Per quel popolo in armi fu il segnale: cominciava la grande corsa, la rincorsa del nemico.
L’acqua, tumultuosa e assordante nel suo scorrere impetuoso, rischiava di travolgere da un momento all’altro i ponti gettati e con essi quanti vi si trovavano sopra, era fredda, ma non c’era tempo per rendersene conto, era pericolosa, ma nessuno sembrava essersene accorto.
La riva sinistra era finalmente lì, a portata di mano, sul greto affioravano cadaveri con divise diverse, affiancati e accomunati da un medesimo destino.
Bisognava, come sempre, passare oltre, non era quello il tempo della pietà. 
[...]
Corsero per ore, sparando e rincorrendo, rincorrendo e sparando.

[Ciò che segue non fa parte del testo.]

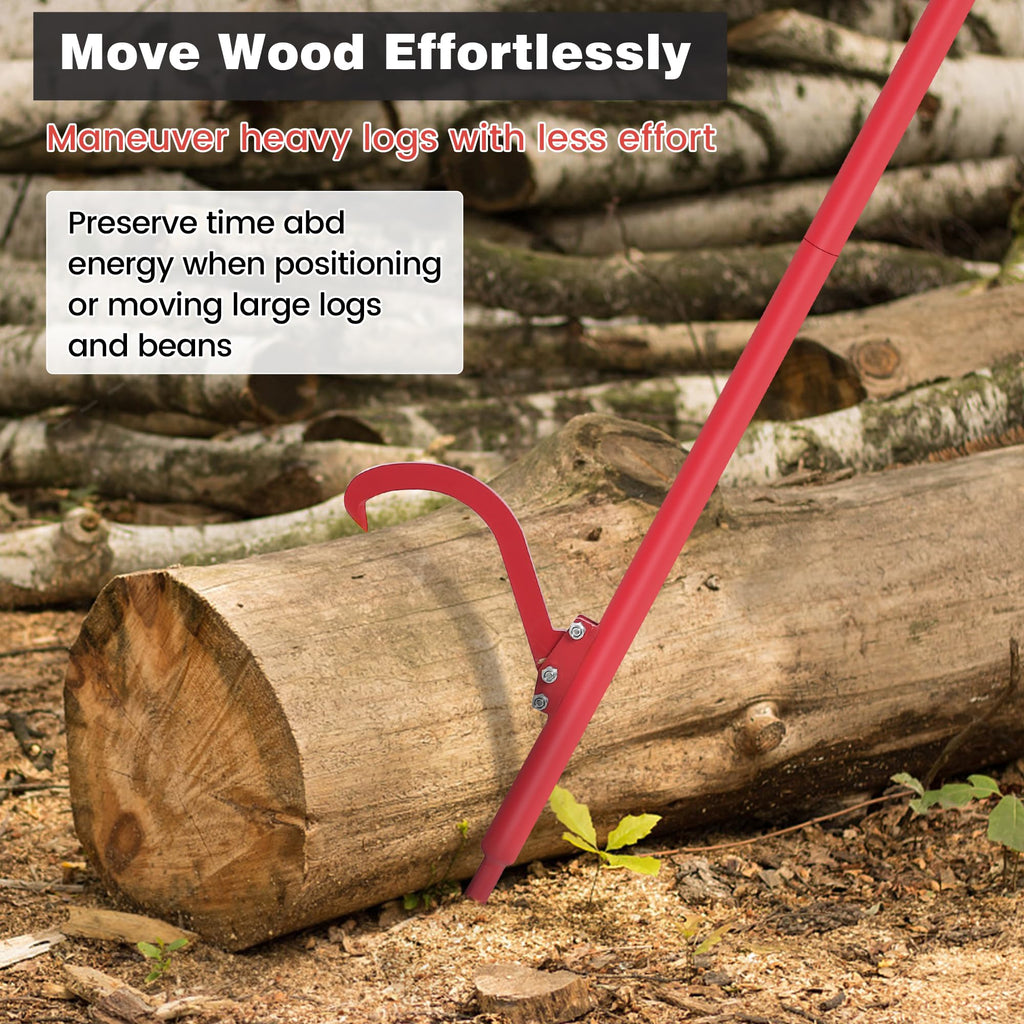 Garvee 60in Steel Cant Hook for Logs, Rubber Grip, Adjustable Hook, Log Roller Tool for Sawyers, Loggers, Wood Workers, Firewood Enthusiasts, Red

Quel pezzo d’Italia era troppo simile a quello che avevano appena lasciato. Ovunque trincee, fangose e marce come le loro, armi abbandonate all’improvviso, uomini a terra morti o agonizzanti, reticolati, resti di postazioni d’artiglieria ormai inutili, dappertutto testimonianza di alberi sradicati, campi devastati, ruderi di abitazioni, segni di incendi appiccati che nessuno aveva tentato di spegnere.

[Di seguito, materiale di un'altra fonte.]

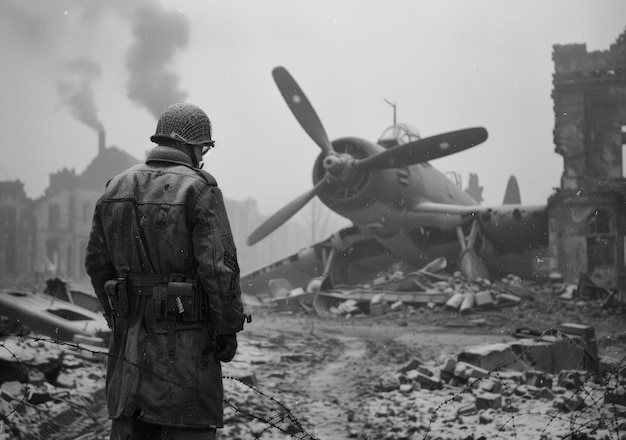 Un soldado está de pie frente a un avión destruido en una zona de guerra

Non c’era tempo per rendersi conto della dolcezza di quei saliscendi ora aspri ora lievi, scomparso quasi ogni segno della collina coltivata, del lavoro instancabile che per secoli i contadini avevano compiuto coltivando declivi dove era difficile imbrigliare l’acqua, dove viti e granoturco soffrivano la sete.
Non c’era più tempo per nulla: tutto un esercito rimasto fermo per troppi mesi ora percorreva chilometri in poche ore, attraversava fossi e campi, aie sconvolte e borghi ormai irriconoscibili.

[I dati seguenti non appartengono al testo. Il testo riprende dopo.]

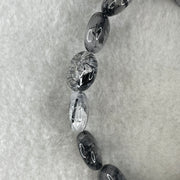 Natural Black Tourmaline Round Beads Bracelet 19.96g 14.5cm 12.0mm 15Beads - Huangs Jadeite and Jewelry Pte Ltd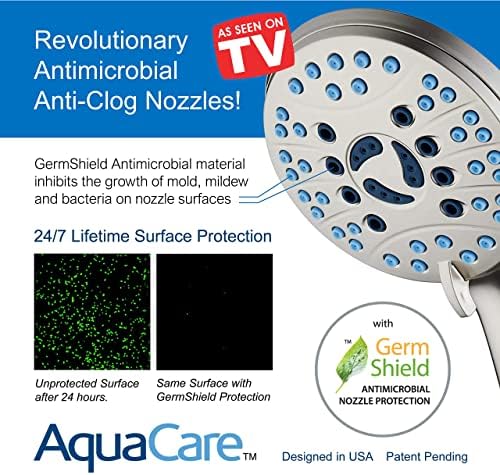 Aquacare As-See-on-TV לחץ גבוה בלחץ כף יד/גשם 80 מצבים משולבת ראש מקלחת 3-כיוונית עם זרוע מתכווננת-חרירי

La cima di ogni altura era un osservatorio nemico, a volte abbandonato repentinamente e a volte difeso strenuamente da chi era costretto da qualche strano ordine a non accettare il proprio destino.
I nomi prima solo sentiti e letti nelle mappe del tenente ora divenivano realtà: villa Jacur, con quel nome un poco esotico, il Colle della Guarda, San Daniele divennero luoghi veri.
[...]
Nelle case abbandonate, dagli anfratti del terreno, emergevano testimonianze recenti dell’occupazione: brande, resti di cucine da campo, armi spesso rese inservibili, qualche soldato impaurito che chiedeva pietà, conscio della propria debolezza, sfinito da un’immane stanchezza.Gli sparuti drappelli della popolazione rimasta osservavano quel continuo passaggio di uomini in armi con rinnovata fiducia, ma con il disincanto di chi ne ha già viste tante, e non osa ancora essere felice, ha paura di sperare, teme la disillusione.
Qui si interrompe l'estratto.